=== Section Start ===

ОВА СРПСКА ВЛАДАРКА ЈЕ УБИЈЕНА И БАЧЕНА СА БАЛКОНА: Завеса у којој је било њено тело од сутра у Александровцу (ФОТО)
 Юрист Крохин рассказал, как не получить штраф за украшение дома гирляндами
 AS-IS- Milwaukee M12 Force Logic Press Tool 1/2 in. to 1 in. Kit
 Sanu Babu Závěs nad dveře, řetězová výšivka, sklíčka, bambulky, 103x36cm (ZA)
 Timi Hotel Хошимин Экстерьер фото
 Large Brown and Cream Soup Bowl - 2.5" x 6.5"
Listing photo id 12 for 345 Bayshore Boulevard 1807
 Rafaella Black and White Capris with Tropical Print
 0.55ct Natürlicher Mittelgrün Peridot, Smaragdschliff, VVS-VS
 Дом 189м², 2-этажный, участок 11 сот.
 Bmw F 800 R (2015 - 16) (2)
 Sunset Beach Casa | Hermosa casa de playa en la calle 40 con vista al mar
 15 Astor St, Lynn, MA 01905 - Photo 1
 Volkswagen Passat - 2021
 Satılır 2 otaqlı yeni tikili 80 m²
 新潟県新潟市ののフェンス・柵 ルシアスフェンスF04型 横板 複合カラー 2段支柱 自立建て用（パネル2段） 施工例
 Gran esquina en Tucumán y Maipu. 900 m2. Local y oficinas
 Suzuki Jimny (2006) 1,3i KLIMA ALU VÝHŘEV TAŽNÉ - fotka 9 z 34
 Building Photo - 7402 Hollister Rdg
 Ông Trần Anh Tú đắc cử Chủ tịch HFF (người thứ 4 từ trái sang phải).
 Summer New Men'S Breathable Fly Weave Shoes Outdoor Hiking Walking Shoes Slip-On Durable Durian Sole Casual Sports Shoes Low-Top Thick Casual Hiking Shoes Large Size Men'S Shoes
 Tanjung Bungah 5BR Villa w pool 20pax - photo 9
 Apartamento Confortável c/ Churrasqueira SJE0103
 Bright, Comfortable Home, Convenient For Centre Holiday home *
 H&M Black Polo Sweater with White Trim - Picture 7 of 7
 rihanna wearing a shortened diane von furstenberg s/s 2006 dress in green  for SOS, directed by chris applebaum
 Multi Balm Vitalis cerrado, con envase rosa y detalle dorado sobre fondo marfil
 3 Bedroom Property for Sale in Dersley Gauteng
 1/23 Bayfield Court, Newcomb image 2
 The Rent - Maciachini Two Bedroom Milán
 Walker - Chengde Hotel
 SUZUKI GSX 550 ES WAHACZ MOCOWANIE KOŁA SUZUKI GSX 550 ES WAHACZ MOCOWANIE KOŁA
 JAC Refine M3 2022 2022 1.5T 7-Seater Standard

=== Section End ===

About this exercise: Would you retype exactly the lines above, from the line with "Sunset Beach Casa" to the line with "Multi Balm Vitalis", with both end lines kept and nothing more?

Finished task:
 Sunset Beach Casa | Hermosa casa de playa en la calle 40 con vista al mar
 15 Astor St, Lynn, MA 01905 - Photo 1
 Volkswagen Passat - 2021
 Satılır 2 otaqlı yeni tikili 80 m²
 新潟県新潟市ののフェンス・柵 ルシアスフェンスF04型 横板 複合カラー 2段支柱 自立建て用（パネル2段） 施工例
 Gran esquina en Tucumán y Maipu. 900 m2. Local y oficinas
 Suzuki Jimny (2006) 1,3i KLIMA ALU VÝHŘEV TAŽNÉ - fotka 9 z 34
 Building Photo - 7402 Hollister Rdg
 Ông Trần Anh Tú đắc cử Chủ tịch HFF (người thứ 4 từ trái sang phải).
 Summer New Men'S Breathable Fly Weave Shoes Outdoor Hiking Walking Shoes Slip-On Durable Durian Sole Casual Sports Shoes Low-Top Thick Casual Hiking Shoes Large Size Men'S Shoes
 Tanjung Bungah 5BR Villa w pool 20pax - photo 9
 Apartamento Confortável c/ Churrasqueira SJE0103
 Bright, Comfortable Home, Convenient For Centre Holiday home *
 H&M Black Polo Sweater with White Trim - Picture 7 of 7
 rihanna wearing a shortened diane von furstenberg s/s 2006 dress in green  for SOS, directed by chris applebaum
 Multi Balm Vitalis cerrado, con envase rosa y detalle dorado sobre fondo marfil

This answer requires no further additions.